注意: 既に CSP に登録しているリセラーは、場合によっては、カスタマー サポートの連絡先情報のみを入力して、パートナー ダッシュボードにリセラー アカウントを作成できます。

開始する前に

初めて CSP を使用する場合、間接リセラーとしてプログラムに登録し、パートナー ダッシュボードでアカウントを作成する必要があります。 登録プロセスでは、次の情報の入力が必要になります。 作業を開始する前に、これらの情報を手元に準備してください。

  • 職場アカウントの全体管理者の資格情報
    Office 365、Microsoft Azure、または Microsoft Dynamics CRM のログインに使うユーザー名とパスワードの入力を求められます。 職場アカウントをお持ちでない場合は、登録プロセスの中で作成できます。 職場アカウントの有無が不明な場合は、「職場アカウントとパートナー ダッシュボード」をご覧ください。

  • Partner Membership Center サイトへのサインインに使うユーザー名とパスワード
    この情報は、リセラーの Microsoft Partner Network ID (MPN ID) と新しいパートナー ダッシュボード アカウントを関連付けるために使用されます。この関連付けにより、リセラーはパートナー ダッシュボードでメンバーシップ特典とデータを管理できるようになります。

  • 組織の法人名、住所、第一連絡先担当者、およびサポートの詳細
    この情報は、組織がマイクロソフトに関する十分な経歴を持つこと、また申請者に組織の代表としての権限が与えられていること確認する際に必要となります。

提供された情報の審査と検証に数日かかることがあります。 審査が完了すると、第一連絡先担当者にメールで通知されます。

作業の開始

  1. ここをクリックして登録プロセスを開始します。

  2. [ようこそ] ページを読み、登録に必要な情報が手元に揃っていることを確認して [次へ] を選びます。
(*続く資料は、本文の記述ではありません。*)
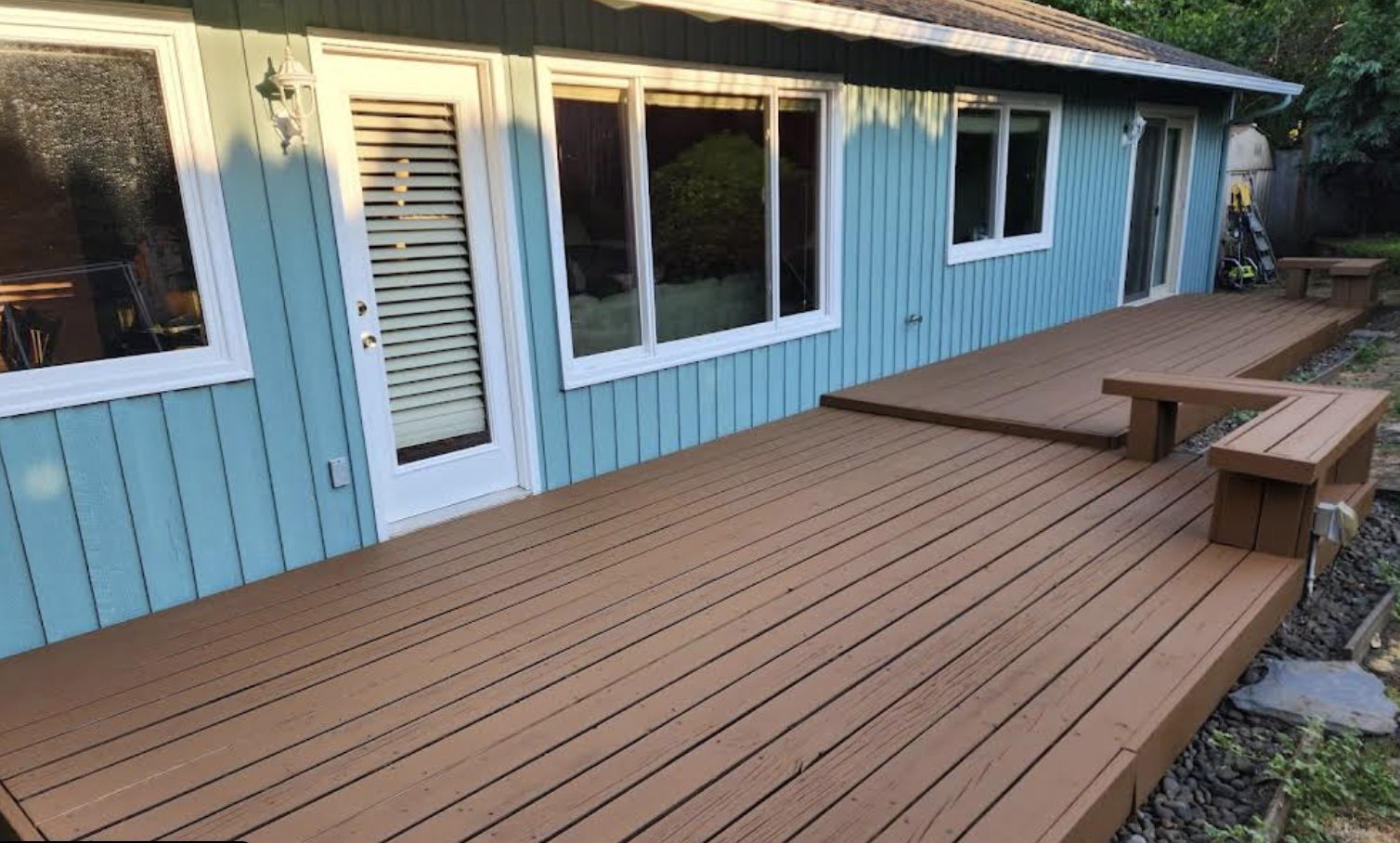 Light blue house exterior with deck painted by Noe's Painting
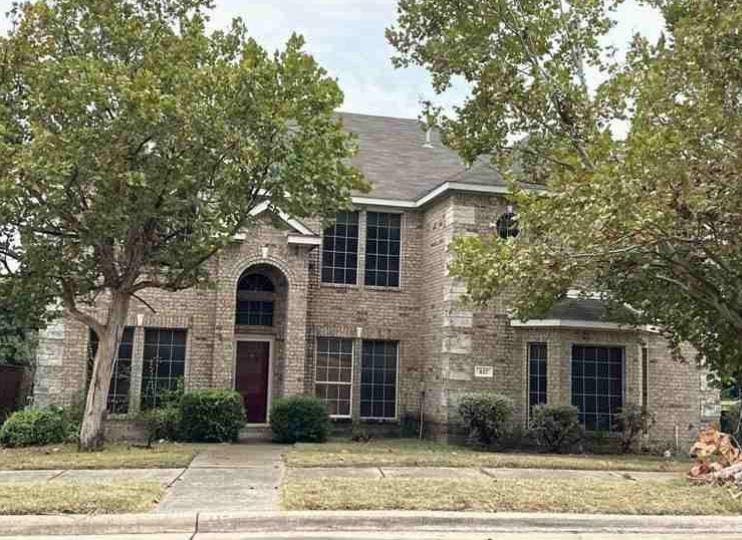 view of front of home with brick siding and a front yard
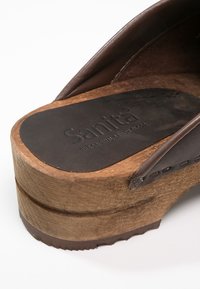 Bruna träsandaletter med en slät läderöverdel. Sulan har en formad design, präglad logotyp och en anmärkningsvärd trästruktur.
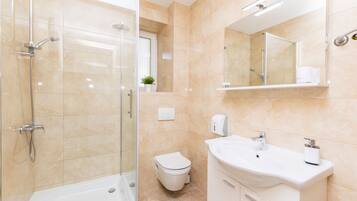 Un baño moderno con ducha envuelta en vidrio, inodoro y lavamanos con espejo arriba.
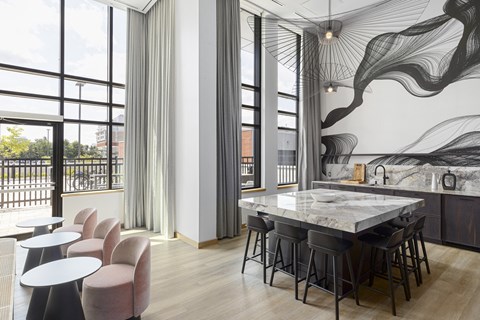 a kitchen with a marble table and chairs and a balcony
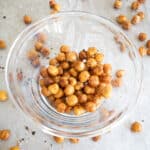 close up of roasted chickpeas in glass bowl on sheet pan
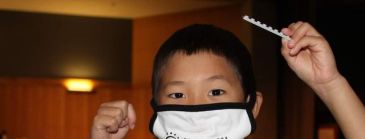 A young boy sits at a table with a Lego creation in front of him holding up a Lego piece in his hand. He is wearing a facemask over his mouth. 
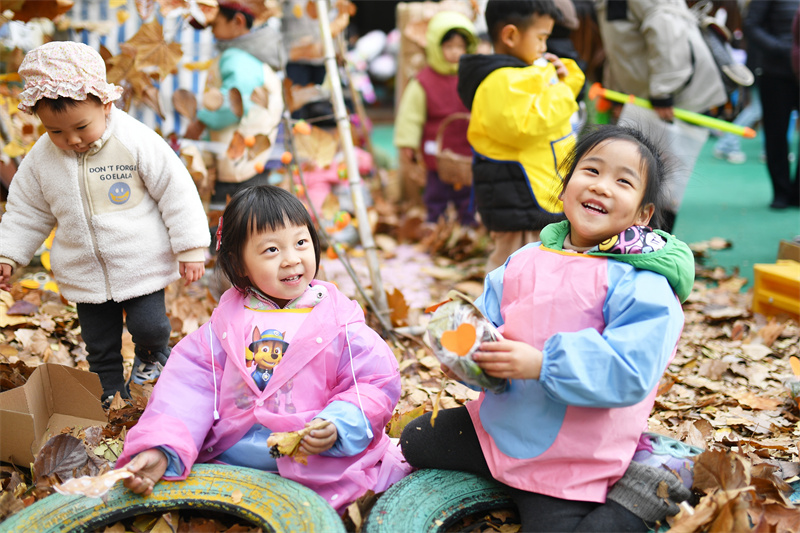 2025年11月25日，小朋友在山东省青岛市市北区高安路幼儿园开展的“色彩日”主题活动上捡拾多彩落叶。王海滨摄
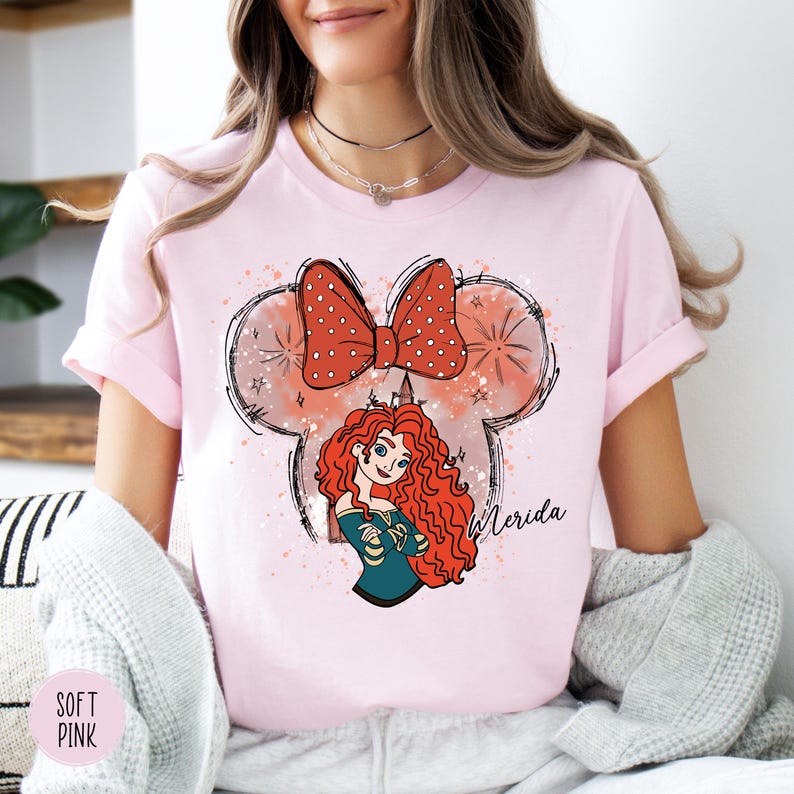 Puede incluir: Camiseta rosa claro con una ilustraci&oacute;n de dibujos animados de Merida de la pel&iacute;cula de Disney Brave. El dise&ntilde;o incluye un lazo rojo con lunares blancos, un personaje de Merida y el nombre "Merida" en escritura.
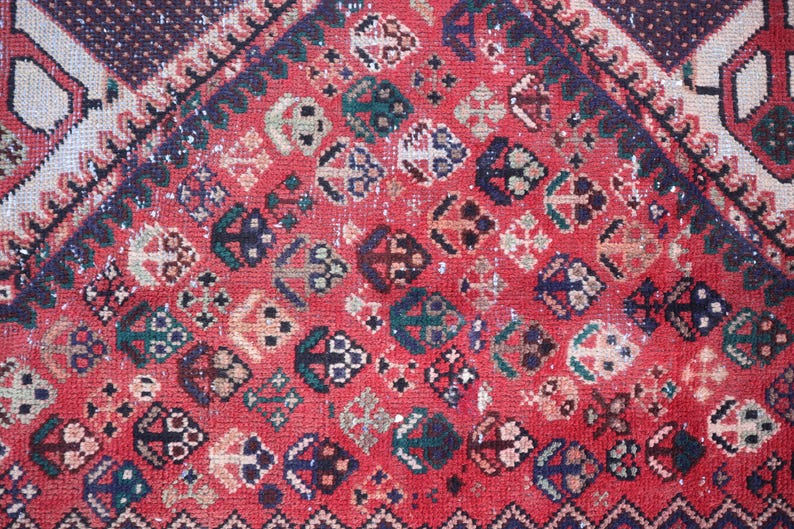 Puede incluir: Primer plano de una alfombra roja vintage con un patr&oacute;n detallado. La alfombra presenta formas geom&eacute;tricas en varios colores, incluyendo azul marino, verde azulado y crema, sobre un fondo rojo descolorido. El dise&ntilde;o incluye motivos de diamantes y flores.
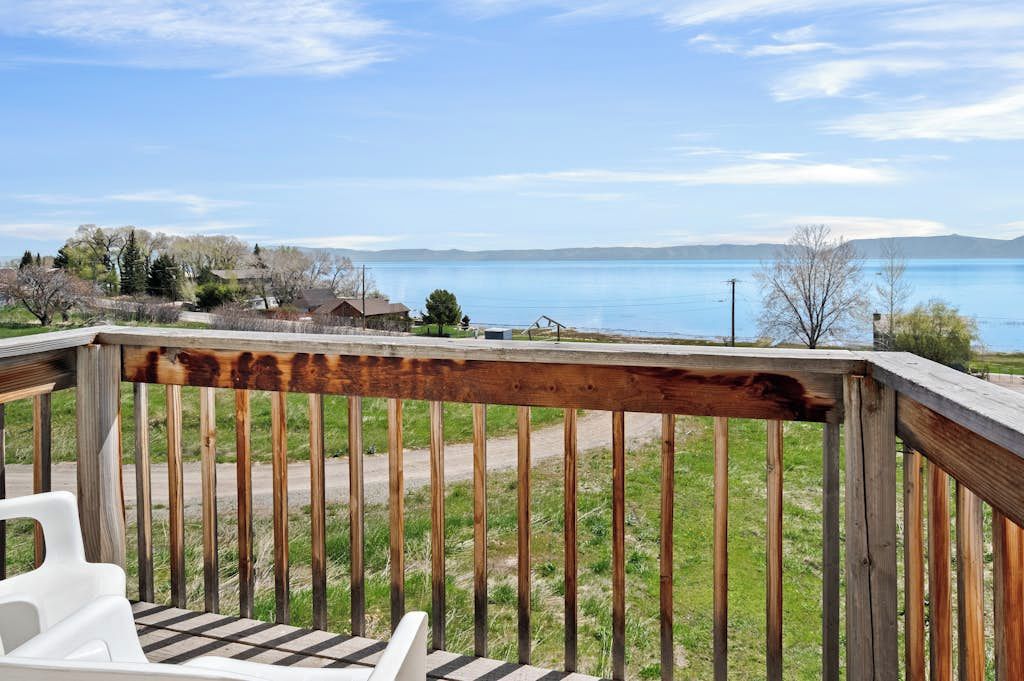 A wooden deck with a view of a lake and distant mountains.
  3. 職場アカウントでサインインします。 [ログイン] を選び、Office 365、Microsoft Azure、または Microsoft Dynamics CRM の全体管理者としてログインするため使うユーザー名とパスワードを入力します。

    職場アカウントをお持ちでない場合は、[作成する] をクリックして作成します。 作業アカウントを作成した後、新しいアカウントの全体管理者の資格情報を使ってサインインします。

  4. Microsoft Partner Network ID (MPN ID) を新しいパートナー ダッシュボード アカウントに関連付ける方法を確認します。 マイクロソフトはリセラーの MPN ID と新しいパートナー ダッシュボード アカウントを関連付ける必要があります。この関連付けにより、リセラーはパートナー ダッシュボードでメンバーシップ特典やインセンティブを管理できるようになります。 [サインイン] を選びます。

  5. Partner Membership Center (PMC) サイトへのサインインに使用するユーザー名を入力します。 Partner Membership Center サイトは、現在、貴社がマイクロソフト パートナー アカウントを管理しているサイトです。 リセラーが Partner Membership Center にサインインすると、マイクロソフトはリセラーの MPN ID を取得して、新しいパートナー ダッシュボード アカウントに関連付けることができます。 [次へ] を選びます。

  6. Partner Membership Center アカウントのパスワードを入力し、[サインイン] を選びます。

  7. インセンティブ、メンバーシップ特典、コンピテンシーがリンクされた組織プロファイルを MPN ID によって選びます。選んだ組織プロファイルは、マイクロソフトによってリセラーのパートナー ダッシュボード アカウントに移動されます。 [続行] を選びます。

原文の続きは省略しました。